TryHackMe | OWASP Top 10 2025 – Application Design Flaws: Insecure Design (Task 5)
Context
Path: TryHackMe – OWASP Top 10 (2025)
Section: Application Design Flaws
Task: Task 5 – Insecure Design
This task was one of those moments where brute force alone is not enough. I initially felt stuck because standard enumeration patterns did not immediately reveal useful API routes. The breakthrough came from stepping back and thinking about coverage, not speed.
Key Difficulty
The application exposed an API structure, but routes were not obvious or documented. Single-layer wordlist fuzzing did not yield meaningful results, which forced a shift in strategy.
The lesson was not about trying harder, but about expanding surface area intelligently.
What Task 5 Taught Me
1. Best Wordlist for API Route Coverage
For API discovery, the most effective wordlist I found was:
/usr/share/seclists/Discovery/Web-Content/raft-large-directories-lowercase.txt
This wordlist provides extremely broad coverage and is especially effective against REST-style APIs where naming conventions are predictable but undocumented.
2. Layered API Route Enumeration
Instead of fuzzing a single directory level, I layered the same high-coverage wordlist twice to brute-force nested API routes.
In a real engagement, you would always start with one layer. Only after finding nothing meaningful would you escalate to layered fuzzing. Here, the lab environment allowed aggressive exploration.
Target pattern:
http://target-ip:5005/api/W1/W2
Final ffuf Command Used
ffuf -u "http://target-ip:5005/api/W1/W2" \
-w /usr/share/seclists/Discovery/Web-Content/raft-large-directories-lowercase.txt:W1 \
-w /usr/share/seclists/Discovery/Web-Content/raft-large-directories-lowercase.txt:W2 \
-mc 200,204,301,302,307,401,403,405 \
-t 40
ffuf Results
[Status: 200, Size: 73, Words: 10, Lines: 6]
W1: users
W2: admin
[Status: 200, Size: 154, Words: 35, Lines: 10]
W1: messages
W2: admin
These results revealed the following valid API paths:
/api/users/admin/api/messages/admin
Privileged API Response
Querying the discovered endpoint returned sensitive system data:
{
"messages": [
{
"content": "Admin panel access key: THM{1NS3CUR3_D351GN_4SSUMPT10N}",
"from": "system"
}
],
"user": "admin"
}
Results & Observations
- Theoretical search space: ~3 billion combinations
- Practical outcome: Valid API routes appeared at around 100,000 requests
- Time to first meaningful hits: ~15 minutes
- Root cause: Insecure design assumptions at the API layer
This reinforces a core offensive principle:
You rarely need to finish enumeration.

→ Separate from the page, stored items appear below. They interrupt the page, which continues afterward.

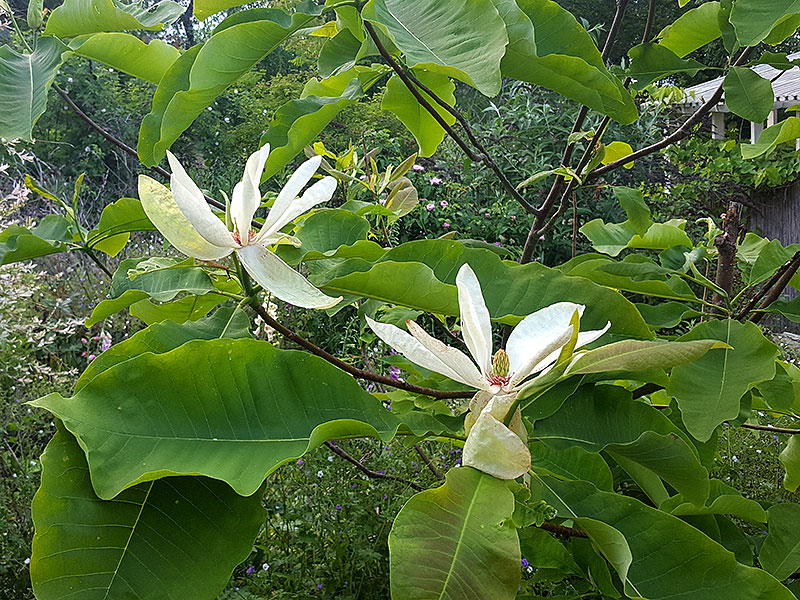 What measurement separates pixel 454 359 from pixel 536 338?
0.19 feet

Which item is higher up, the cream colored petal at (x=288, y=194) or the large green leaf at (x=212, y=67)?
the large green leaf at (x=212, y=67)

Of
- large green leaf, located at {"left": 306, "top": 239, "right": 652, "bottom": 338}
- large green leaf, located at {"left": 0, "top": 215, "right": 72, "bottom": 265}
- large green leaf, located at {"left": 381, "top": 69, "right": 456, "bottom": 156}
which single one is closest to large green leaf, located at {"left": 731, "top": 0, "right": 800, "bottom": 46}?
large green leaf, located at {"left": 306, "top": 239, "right": 652, "bottom": 338}

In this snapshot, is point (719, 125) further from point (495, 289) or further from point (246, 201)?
point (246, 201)

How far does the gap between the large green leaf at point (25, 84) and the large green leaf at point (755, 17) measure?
640mm

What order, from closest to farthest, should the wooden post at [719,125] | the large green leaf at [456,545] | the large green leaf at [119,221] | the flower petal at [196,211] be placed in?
the large green leaf at [456,545] → the flower petal at [196,211] → the large green leaf at [119,221] → the wooden post at [719,125]

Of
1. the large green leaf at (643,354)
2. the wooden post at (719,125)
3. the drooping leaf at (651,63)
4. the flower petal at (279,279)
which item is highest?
the drooping leaf at (651,63)

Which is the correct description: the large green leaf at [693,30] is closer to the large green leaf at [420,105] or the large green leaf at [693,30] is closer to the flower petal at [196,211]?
the large green leaf at [420,105]

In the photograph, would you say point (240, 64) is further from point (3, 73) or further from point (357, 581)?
point (357, 581)

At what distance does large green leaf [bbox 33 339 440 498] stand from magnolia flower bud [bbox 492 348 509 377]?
0.10 metres

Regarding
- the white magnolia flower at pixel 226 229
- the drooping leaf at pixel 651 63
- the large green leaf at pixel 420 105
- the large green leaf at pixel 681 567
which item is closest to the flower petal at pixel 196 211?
the white magnolia flower at pixel 226 229

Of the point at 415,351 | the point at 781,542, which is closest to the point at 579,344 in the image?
the point at 415,351

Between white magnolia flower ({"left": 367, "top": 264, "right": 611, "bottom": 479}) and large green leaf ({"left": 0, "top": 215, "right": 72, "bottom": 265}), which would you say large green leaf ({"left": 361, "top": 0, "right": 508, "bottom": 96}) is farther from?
large green leaf ({"left": 0, "top": 215, "right": 72, "bottom": 265})

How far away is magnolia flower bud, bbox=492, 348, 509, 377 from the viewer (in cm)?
46

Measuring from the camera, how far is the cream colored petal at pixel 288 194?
0.58 meters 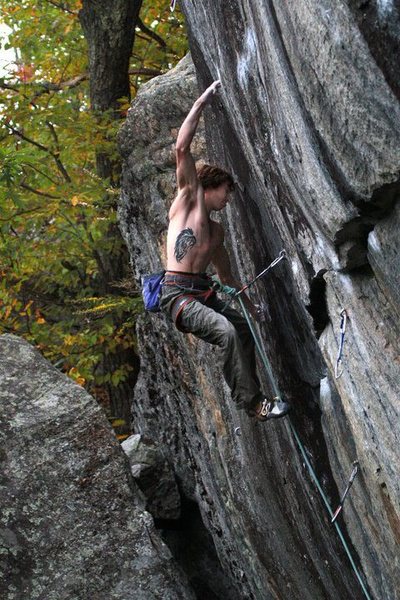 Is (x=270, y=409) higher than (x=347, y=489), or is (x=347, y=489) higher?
(x=270, y=409)

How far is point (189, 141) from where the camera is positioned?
713cm

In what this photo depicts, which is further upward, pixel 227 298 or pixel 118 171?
pixel 118 171

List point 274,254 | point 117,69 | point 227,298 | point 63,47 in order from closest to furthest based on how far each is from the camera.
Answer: point 274,254
point 227,298
point 117,69
point 63,47

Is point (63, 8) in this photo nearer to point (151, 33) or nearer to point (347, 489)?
point (151, 33)

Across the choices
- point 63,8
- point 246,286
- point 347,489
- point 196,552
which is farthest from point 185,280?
point 63,8

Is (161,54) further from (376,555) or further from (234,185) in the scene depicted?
(376,555)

You only need to go far enough to break the assumption.
Core Takeaway
Task 5 demonstrated insecure design at an architectural level. When APIs rely on obscurity rather than explicit access control, attackers can enumerate their way into privileged functionality.
The win here was not the tool.
The win was thinking in layers and prioritizing coverage over convenience.